◆ Exercise goal
Reproduce the listing below from the line with "GIF-西班牙连续施压伊朗球门 角球机会险破门" to the line with "Трубка топливная для", both lines included, character for character, minus any pictures.

◆ Task input
______

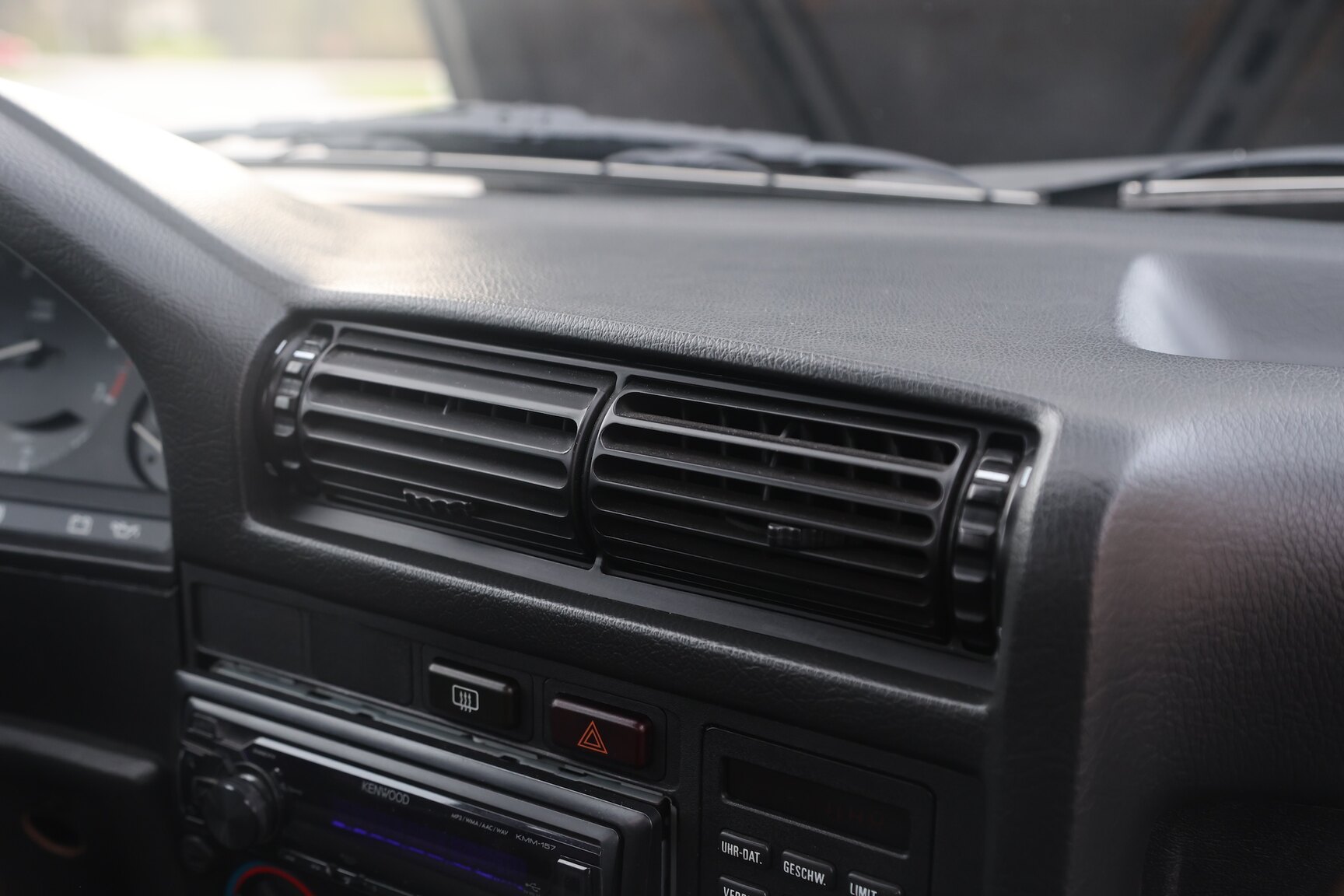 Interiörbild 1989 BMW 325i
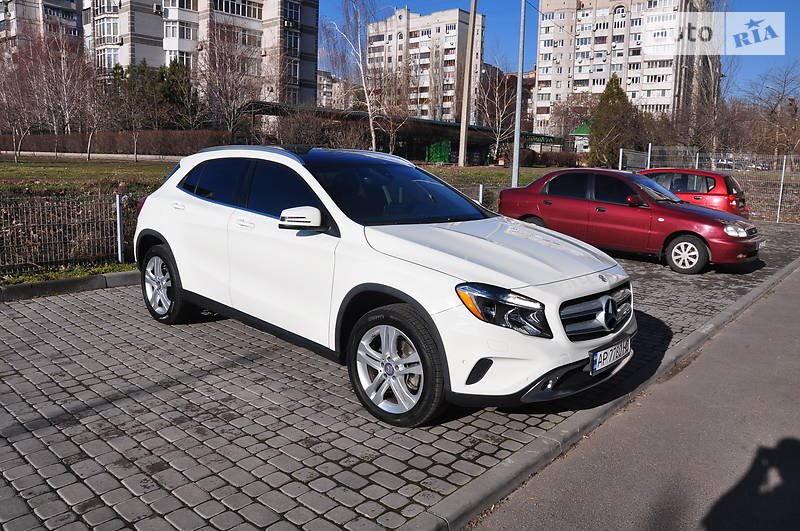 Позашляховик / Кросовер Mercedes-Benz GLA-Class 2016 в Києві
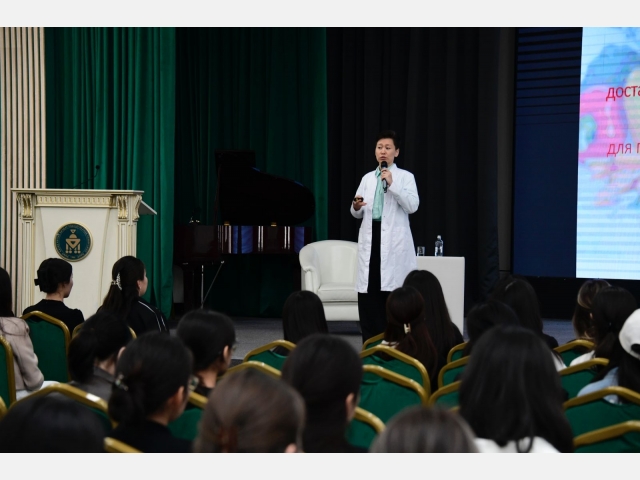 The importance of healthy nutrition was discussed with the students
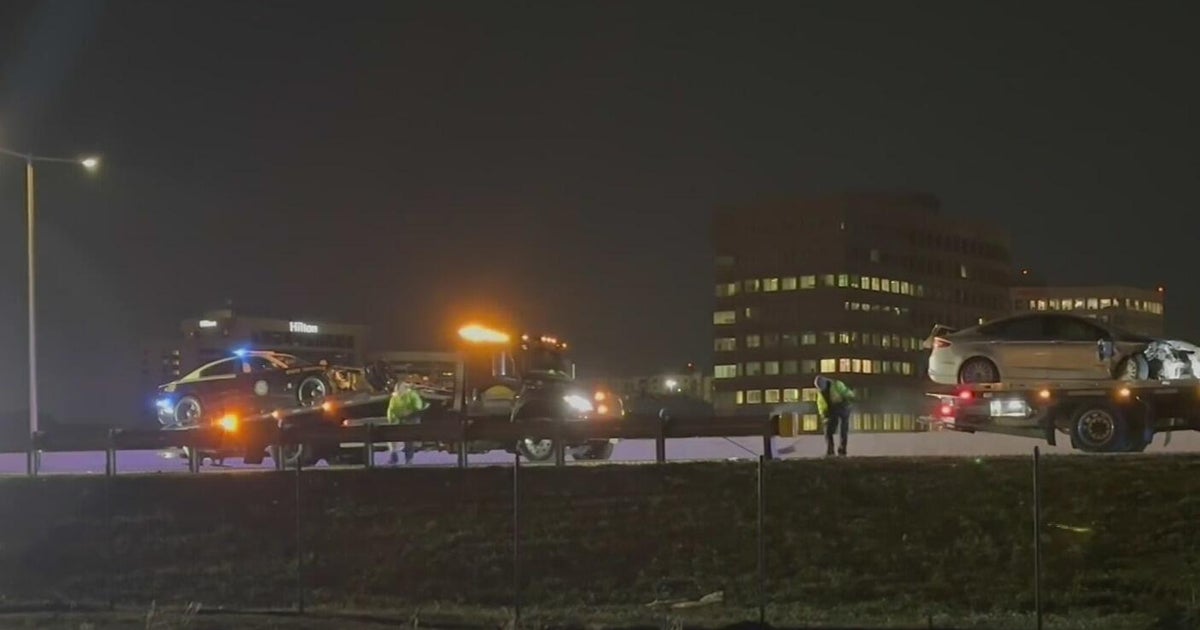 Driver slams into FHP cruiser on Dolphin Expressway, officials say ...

______

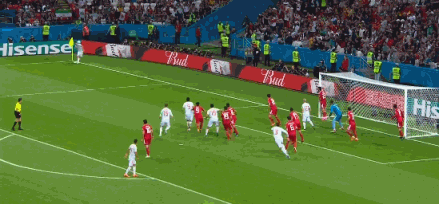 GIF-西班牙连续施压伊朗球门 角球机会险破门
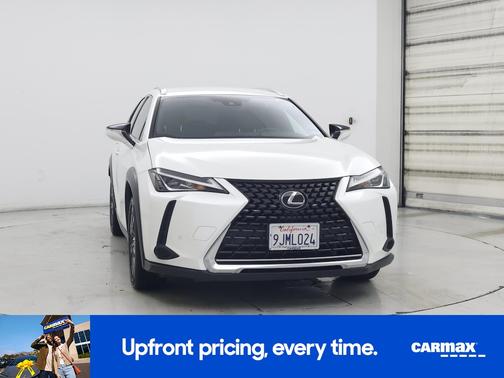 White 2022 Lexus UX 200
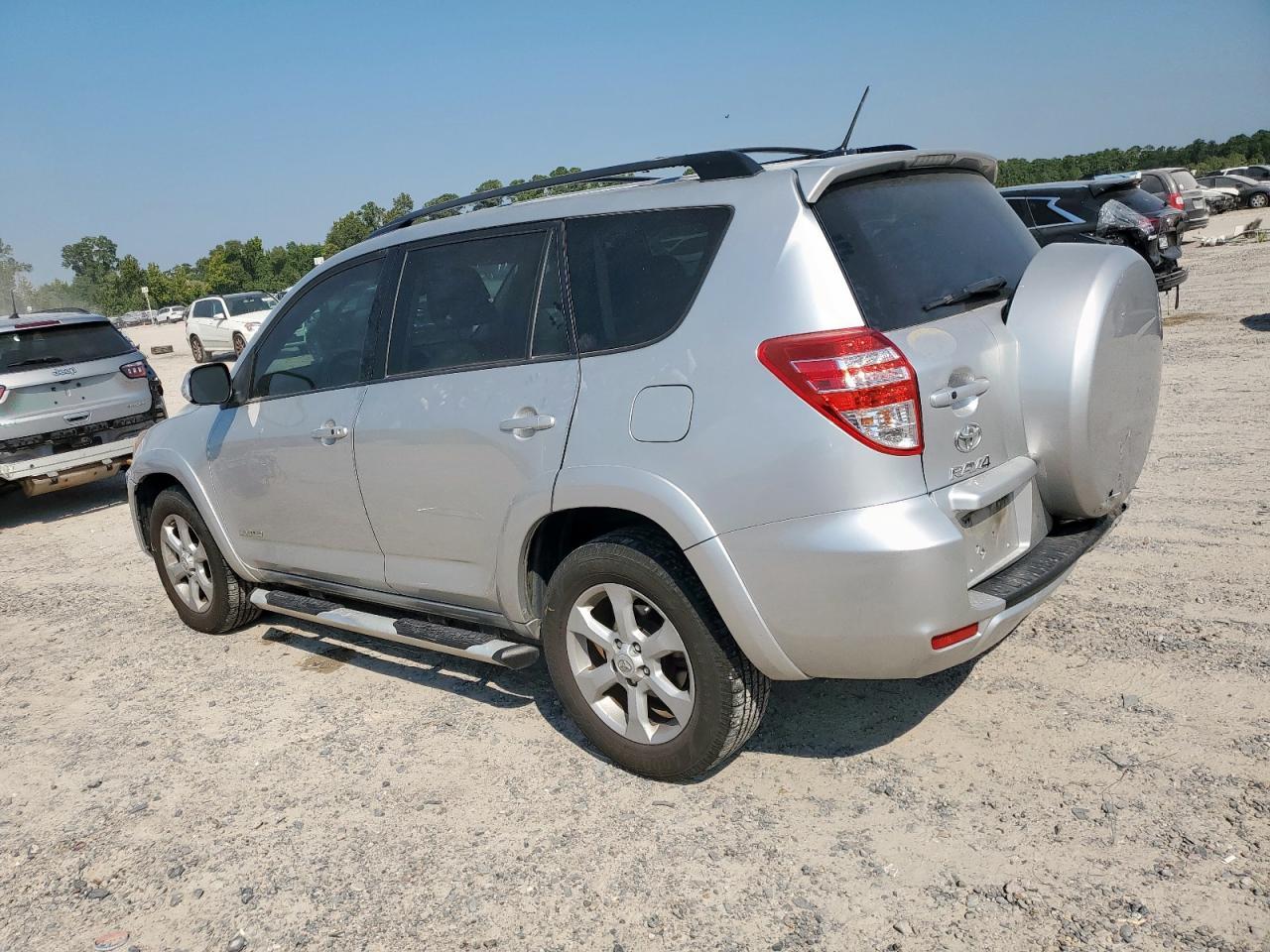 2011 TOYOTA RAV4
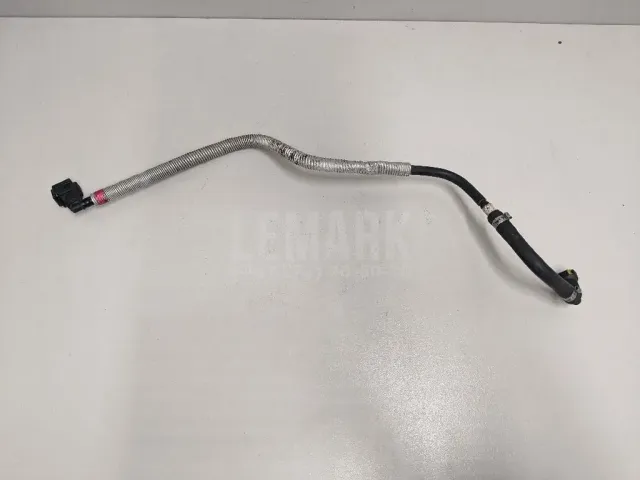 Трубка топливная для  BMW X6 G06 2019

______

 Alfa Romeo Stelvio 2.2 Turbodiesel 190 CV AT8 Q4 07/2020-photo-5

______

◆ The answer
 GIF-西班牙连续施压伊朗球门 角球机会险破门
 White 2022 Lexus UX 200
 2011 TOYOTA RAV4
 Трубка топливная для  BMW X6 G06 2019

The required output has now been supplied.